====== RECORDS
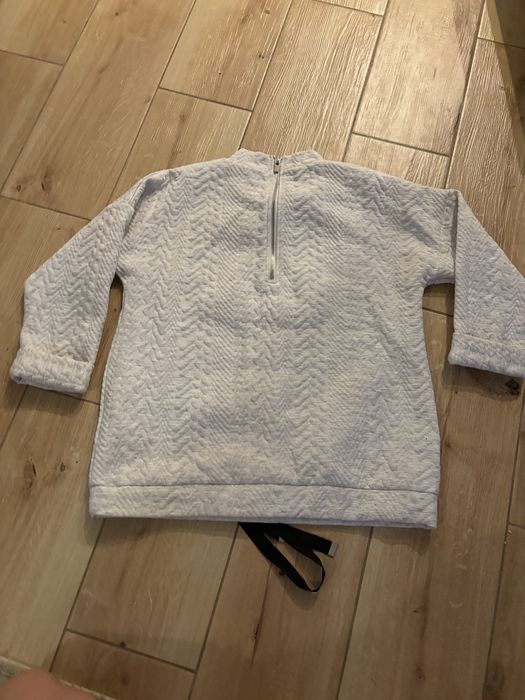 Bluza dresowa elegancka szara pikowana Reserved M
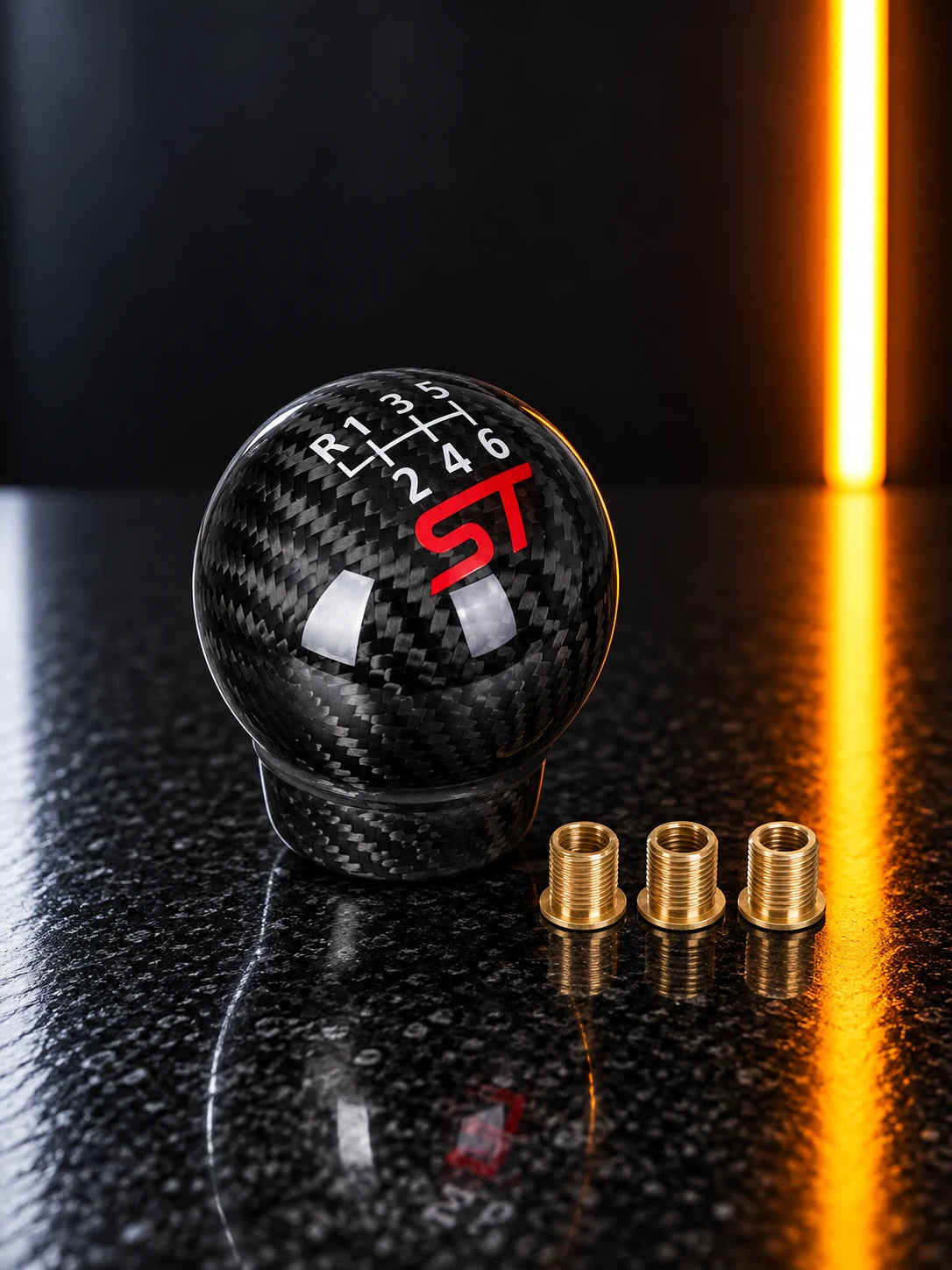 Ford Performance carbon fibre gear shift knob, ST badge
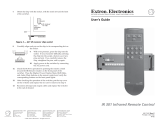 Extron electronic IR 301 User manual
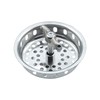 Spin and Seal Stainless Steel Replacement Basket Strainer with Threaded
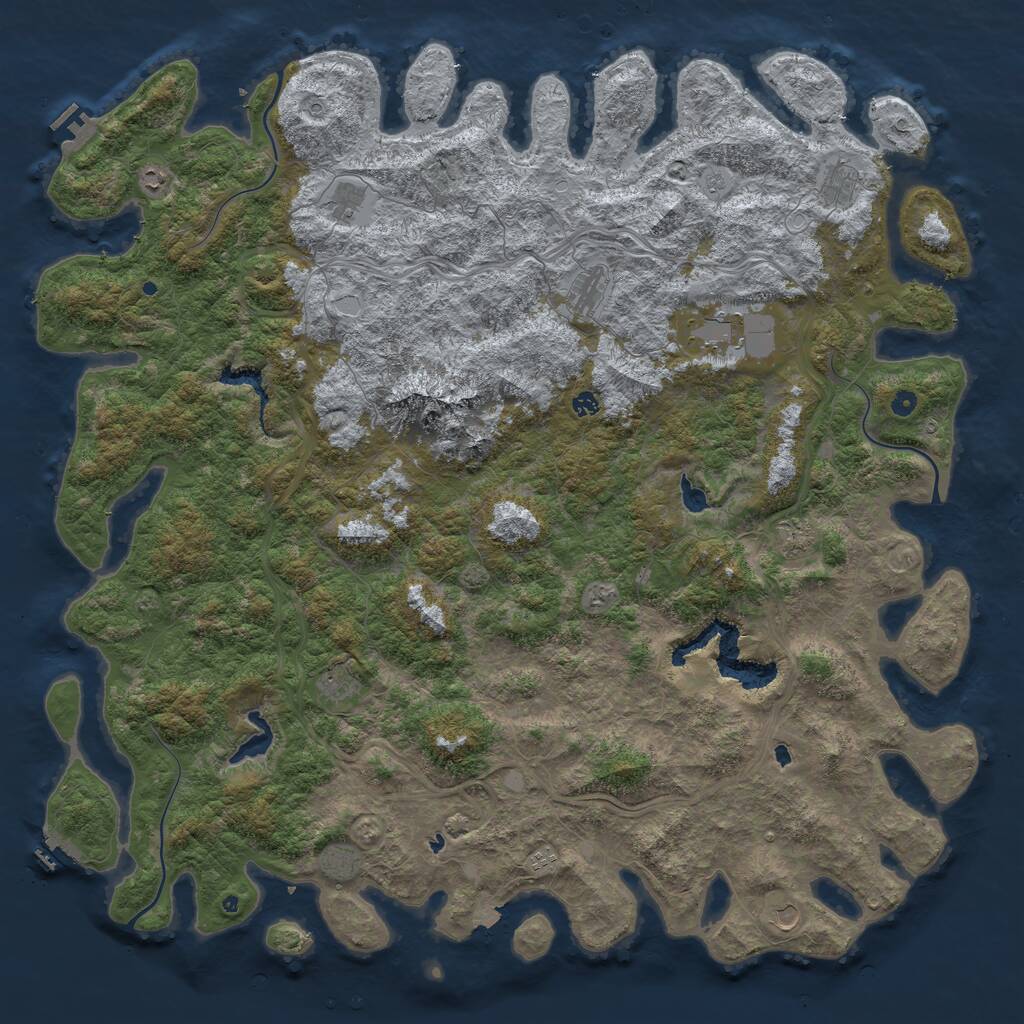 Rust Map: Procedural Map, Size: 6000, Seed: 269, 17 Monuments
============
• WHAT YOU ARE ASKED TO DO:
The answer must be an exact copy of the entries, with the pictures omitted.

• RESPONSE BELOW:
 Bluza dresowa elegancka szara pikowana Reserved M
 Ford Performance carbon fibre gear shift knob, ST badge
 Extron electronic IR 301 User manual
 Spin and Seal Stainless Steel Replacement Basket Strainer with Threaded
 Rust Map: Procedural Map, Size: 6000, Seed: 269, 17 Monuments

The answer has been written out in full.